Wilson offers several possibilities including greater incarceration rates, less exposure to violence-inducing lead paint, and more innovative policing methods such as hot-spot policing. (This involves putting more police officers in known crime hot spots rather than having them patrol around randomly waiting for 911 calls). But the most fascinating explanation is that cocaine use in America has been diminishing steadily for a while for reasons that seem to have little to do with the drug war.

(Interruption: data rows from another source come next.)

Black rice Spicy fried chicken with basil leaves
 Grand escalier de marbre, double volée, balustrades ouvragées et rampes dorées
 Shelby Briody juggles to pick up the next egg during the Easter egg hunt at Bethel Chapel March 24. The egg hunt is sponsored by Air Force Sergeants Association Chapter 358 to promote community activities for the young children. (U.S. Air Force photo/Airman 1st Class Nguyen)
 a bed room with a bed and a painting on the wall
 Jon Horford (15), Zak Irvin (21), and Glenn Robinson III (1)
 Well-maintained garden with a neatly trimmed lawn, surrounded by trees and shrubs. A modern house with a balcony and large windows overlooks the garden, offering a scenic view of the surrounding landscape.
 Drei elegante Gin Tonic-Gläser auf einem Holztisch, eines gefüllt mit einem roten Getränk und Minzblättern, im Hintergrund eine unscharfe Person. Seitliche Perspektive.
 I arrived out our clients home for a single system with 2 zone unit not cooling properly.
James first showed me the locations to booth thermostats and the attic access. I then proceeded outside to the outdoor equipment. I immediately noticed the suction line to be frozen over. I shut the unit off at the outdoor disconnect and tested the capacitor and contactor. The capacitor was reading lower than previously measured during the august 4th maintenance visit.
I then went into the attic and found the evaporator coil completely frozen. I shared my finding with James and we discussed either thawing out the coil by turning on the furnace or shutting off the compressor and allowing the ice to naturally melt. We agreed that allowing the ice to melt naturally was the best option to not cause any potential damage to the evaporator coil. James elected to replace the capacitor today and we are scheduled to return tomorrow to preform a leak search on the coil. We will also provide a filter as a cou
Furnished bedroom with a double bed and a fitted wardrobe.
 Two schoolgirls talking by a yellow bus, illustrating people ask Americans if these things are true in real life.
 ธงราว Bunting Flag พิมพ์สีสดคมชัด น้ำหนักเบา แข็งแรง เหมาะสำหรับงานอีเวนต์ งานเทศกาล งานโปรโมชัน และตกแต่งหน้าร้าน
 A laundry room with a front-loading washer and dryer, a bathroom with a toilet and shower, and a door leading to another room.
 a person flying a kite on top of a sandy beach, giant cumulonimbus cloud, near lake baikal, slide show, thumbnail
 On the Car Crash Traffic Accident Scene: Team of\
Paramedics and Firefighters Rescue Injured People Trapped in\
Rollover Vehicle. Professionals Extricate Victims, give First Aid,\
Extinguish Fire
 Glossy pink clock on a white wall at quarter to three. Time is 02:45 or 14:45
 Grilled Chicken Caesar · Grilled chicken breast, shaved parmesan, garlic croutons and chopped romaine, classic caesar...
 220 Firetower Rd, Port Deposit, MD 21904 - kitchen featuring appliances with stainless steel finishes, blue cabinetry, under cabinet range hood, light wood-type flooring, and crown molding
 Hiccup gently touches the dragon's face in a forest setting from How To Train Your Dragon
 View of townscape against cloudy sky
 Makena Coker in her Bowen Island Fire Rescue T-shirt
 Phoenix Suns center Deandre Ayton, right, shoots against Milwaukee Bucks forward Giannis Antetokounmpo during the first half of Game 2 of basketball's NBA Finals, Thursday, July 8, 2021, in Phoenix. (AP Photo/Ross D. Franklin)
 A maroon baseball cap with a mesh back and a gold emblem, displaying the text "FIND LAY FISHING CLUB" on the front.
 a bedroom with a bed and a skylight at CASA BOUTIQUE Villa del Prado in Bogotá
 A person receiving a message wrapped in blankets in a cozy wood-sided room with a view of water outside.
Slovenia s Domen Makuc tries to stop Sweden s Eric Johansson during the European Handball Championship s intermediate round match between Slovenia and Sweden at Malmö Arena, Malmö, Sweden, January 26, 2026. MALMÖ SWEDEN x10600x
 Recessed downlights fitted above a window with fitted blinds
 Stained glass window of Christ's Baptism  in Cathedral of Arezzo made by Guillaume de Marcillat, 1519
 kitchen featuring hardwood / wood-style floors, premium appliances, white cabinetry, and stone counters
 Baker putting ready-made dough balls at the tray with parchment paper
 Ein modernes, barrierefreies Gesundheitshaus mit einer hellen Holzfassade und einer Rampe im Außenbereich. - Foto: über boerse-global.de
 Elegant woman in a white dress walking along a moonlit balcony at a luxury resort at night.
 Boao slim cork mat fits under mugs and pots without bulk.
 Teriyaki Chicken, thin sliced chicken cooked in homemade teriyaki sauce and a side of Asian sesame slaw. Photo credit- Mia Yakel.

Wilson notes that between 1992 and 2009, the number of people admitting to cocaine or crack use fell by nearly two-thirds. In 1999, 9.8 percent of 12th-grade students said that they had tried cocaine; by 2010, that figure had fallen to 5.5 percent. Also, since casual users who regard coke as a party drug are probably less likely to commit serious crimes than heavier users who may resort to theft and violence to feed their craving, it is useful to nail down whether heavy use has been going up. Wilson reports:

A study by Jonathan Caulkins at Carnegie Mellon University found that the total demand for cocaine dropped between 1988 and 2010, with a sharp decline among both light and heavy users. This fall in demand may help explain why cocaine has become cheaper, despite intense law enforcement efforts aimed at disrupting its distribution. Illegal markets, like legal ones, cut prices when demand falls.

Most fascinating, however, is Wilson's claim that cocaine use among blacks has changed even more dramatically than it has among the population as a whole:

As Latzer points out—and his argument is confirmed by a study by Bruce D. Johnson, Andrew Golub, and Eloise Dunlap—among 13,000 people arrested in Manhattan between 1987 and 1997, a disproportionate number of whom were black, those born between 1948 and 1969 were heavily involved with crack cocaine, but those born after 1969 used little crack and instead smoked marijuana. The reason was simple: the younger African-Americans had known many people who used crack and other hard drugs and wound up in prisons, hospitals, and morgues. The risks of using marijuana were far less serious. This shift in drug use, if the New York City experience is borne out in other locations, can help explain the fall in black inner-city crime rates after the early 1990s.

So what is the moral of the story? Given that blacks started switching from crack to marijuana before a full-blown, Bush-era drug war started terrorizing Americans and killing puppies in search for drug stashes at the wrong addresses, it would suggest that the country won't go to Gomorrah in a hand basket without the benevolent intervention of its drug warriors. Individuals are fallible but they are also rational. They learn from their mistakes. And they are perfectly capable of making distinctions between hard drugs that can really screw them over and soft drugs that can open up infinite vistas in Eric Clapton's guitar riffs.